[Supplied records Boundary: Start]

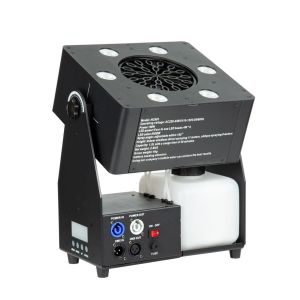 High Power LED Bubble Machine with LED for Wedding Mini Stage Effect Machine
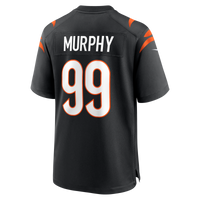 Myles Murphy Cincinnati Bengals Football Jersey, Black Game Sportswear Jersey Shirt, Lightweight Breathable Athletic Jersey, Casual Gift for Men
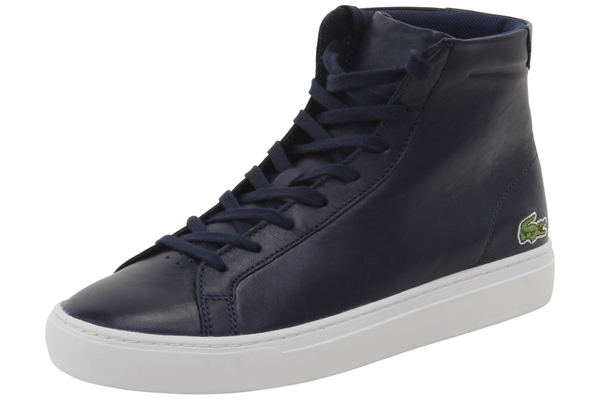  Lacoste Men's L.12.12 Mid 316 1 Fashion High Top Sneakers Shoes 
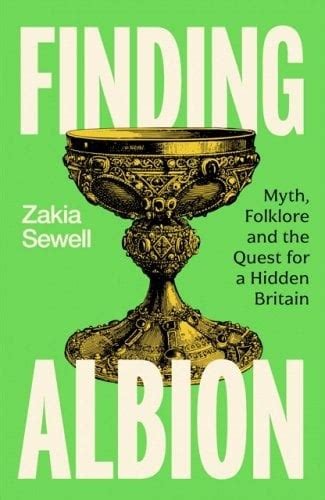 Cover of Zakia Sewell's book, Finding Albion.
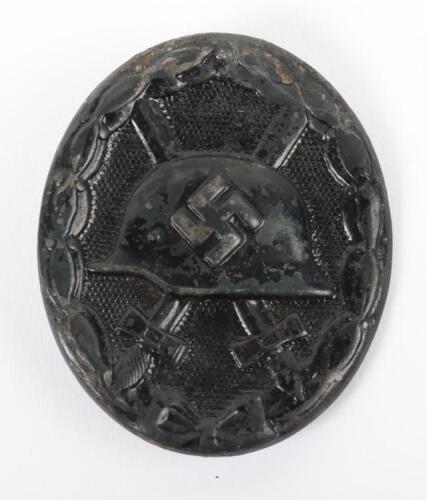 WW2 German Black Wound Badge by Wilhelm Hobachter, Wien (32)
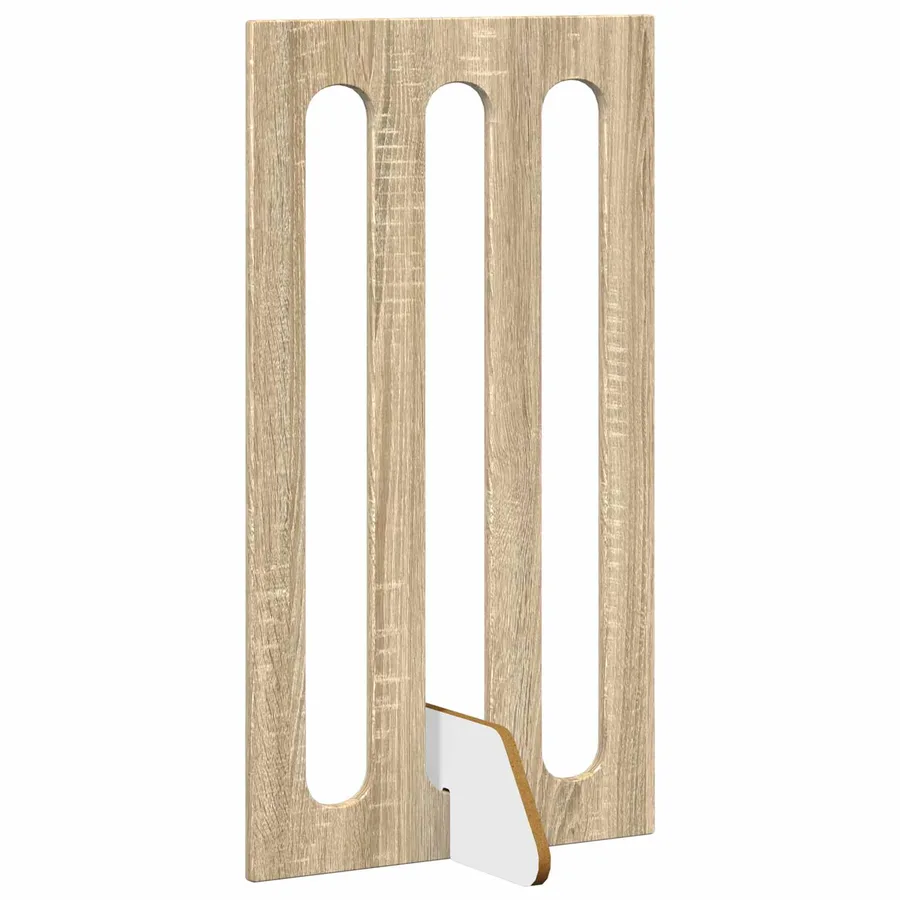 Clôture pliable pour animaux 2 pcs Chêne Sonoma - 4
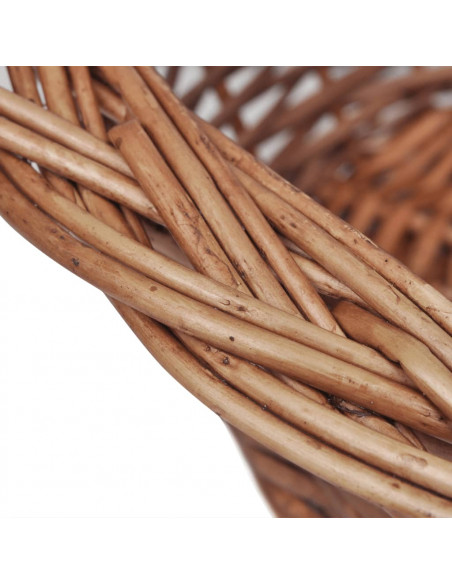 Cesto/Cuccia per Cani in Vimini Naturale 70 cm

[Supplied records Boundary: End]

Please reproduce the data above word for word, skipping all images.

 High Power LED Bubble Machine with LED for Wedding Mini Stage Effect Machine
 Myles Murphy Cincinnati Bengals Football Jersey, Black Game Sportswear Jersey Shirt, Lightweight Breathable Athletic Jersey, Casual Gift for Men
  Lacoste Men's L.12.12 Mid 316 1 Fashion High Top Sneakers Shoes 
 Cover of Zakia Sewell's book, Finding Albion.
 WW2 German Black Wound Badge by Wilhelm Hobachter, Wien (32)
 Clôture pliable pour animaux 2 pcs Chêne Sonoma - 4
 Cesto/Cuccia per Cani in Vimini Naturale 70 cm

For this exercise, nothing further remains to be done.